Table 3 Correlation coefficients for probabilities by class

While an exhaustive review of each result in Table 3 is beyond the scope of this work, this is where we can start to see the two more sophisticated models beginning to set themselves apart. For the MLP and GBC models every single R2 model is above 0.9, while the kNN values are good for the more common score values, the less common values are decidedly less well-correlated. Specifically for [“ROUGE”, False] the R2 is actually negative, even with all the data compressed into a small range, leading to very large sample sizes. One should note that the RMSE values do not necessarily follow the R2 values

i. kNN

In Figure 1 we see the correlation graph for the kNN model. We see that the model is well-calibrated, almost as well-calibrated as it was for the EP values (Clement 2019a, fig. 2). The calibration is near-perfect below 40%, and becomes noisier thereafter. This is unsurprising, as this is where the vast majority of the probabilities will lie, and the power of averaging, especially for a kNN model that is fundamentally an averaging of similar records, creates a strong model.

Figure 1 Correlation graph for predicted probabilities, kNN

The correlation graph stops at about 90%, above which there are no points that meet the N=100 threshold to be displayed on the graph. This should not come as a surprise, we can think of few situations where a specific score is near-certain to come next. Certainly no defensive score would ever be this likely, nor would an offensive rouge. And without time remaining as a feature the end of the half would not be this likely. This leaves offensive touchdown, field goal, or safety. A touchdown is most likely when the offense has 1st & goal at the 1-yard line, a fairly common occurrence as the result of penalties in the red zone. P(1D) for this situation, which is equivalent to the probability of ending a drive with a touchdown, is 90% (Clement 2018b) There is some small chance of the drive failing and the resultant score on a future drive being a touchdown for the same offensive team, but this is minor noise in the big picture. A field goal would be most likely on 3rd & goal at a distance that would be too great for most teams to consider going for the touchdown, but close enough that the FG is near-certain. This would occur in the 5-10 yard line area, where again the probability of successfully making this kick is around 90%. Finally, a safety might be intentionally conceded when a team is backed up well within its own end, but as we see in Figure 2 below, this probability never goes much past 50%, as many coaches would prefer to punt from this situation.

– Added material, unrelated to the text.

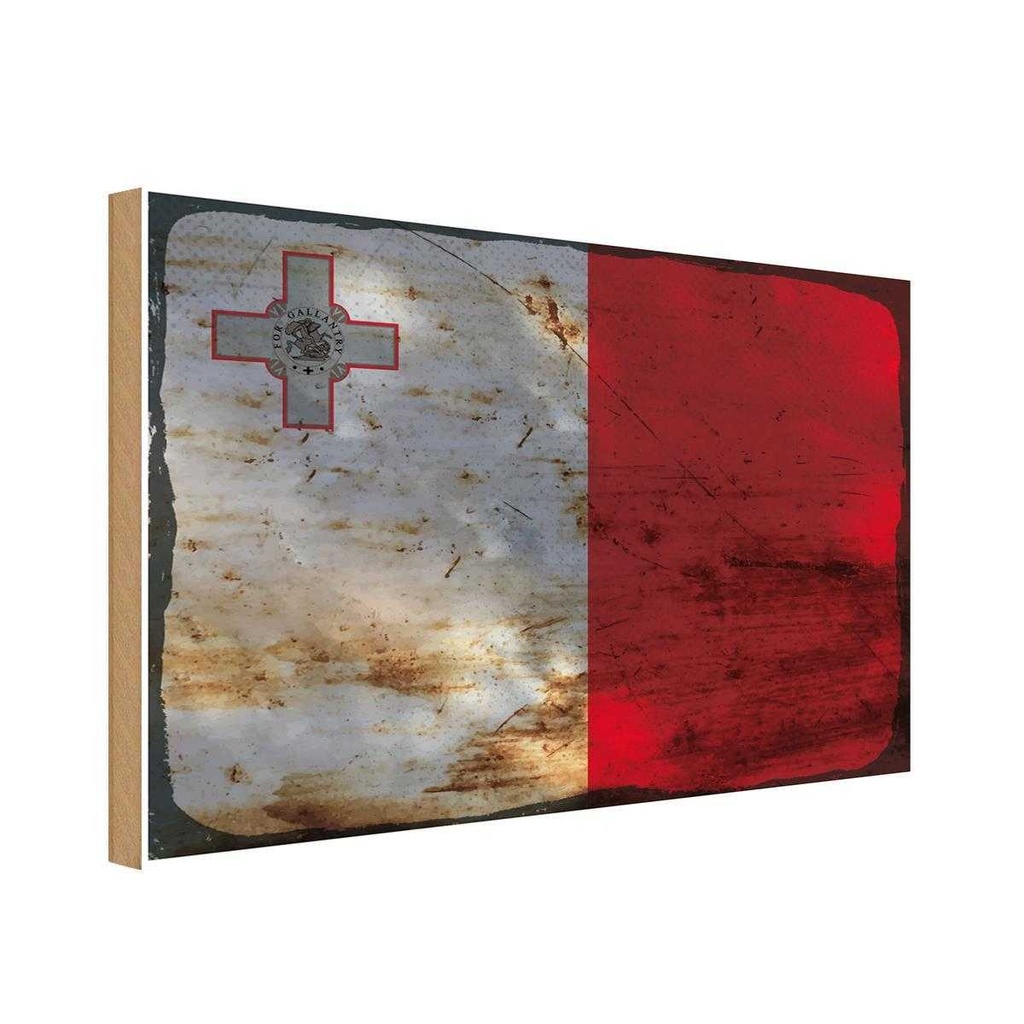 Holzschild 20x30 cm Malta Rost Flagge Fahne Wappen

Figure 2 Correlation graph for predicted probabilities by class, kNN

Per prediction the kNN model would perform much better, but it is precisely in those extreme situations when it is most important for a model to retain its validity, and here is where we have concerns about the limitations of the kNN model. Extreme probabilities occur in extreme situations, and those very extreme situations are precisely those where we have already seen the limitations of the kNN model due to the asymmetry of the data surrounding it, and yet these extreme situations are also those with higher leverage, where we most need the model to remain accurate. We see, for example, the model grossly underpredicting the probability of [“FG”, True] above 50%. We also see that field goals are not part of the 90% probability prediction for the kNN model, and that these very high data points in the complete correlation graph in Figure 1 are largely due to offensive touchdowns for everything above 60%.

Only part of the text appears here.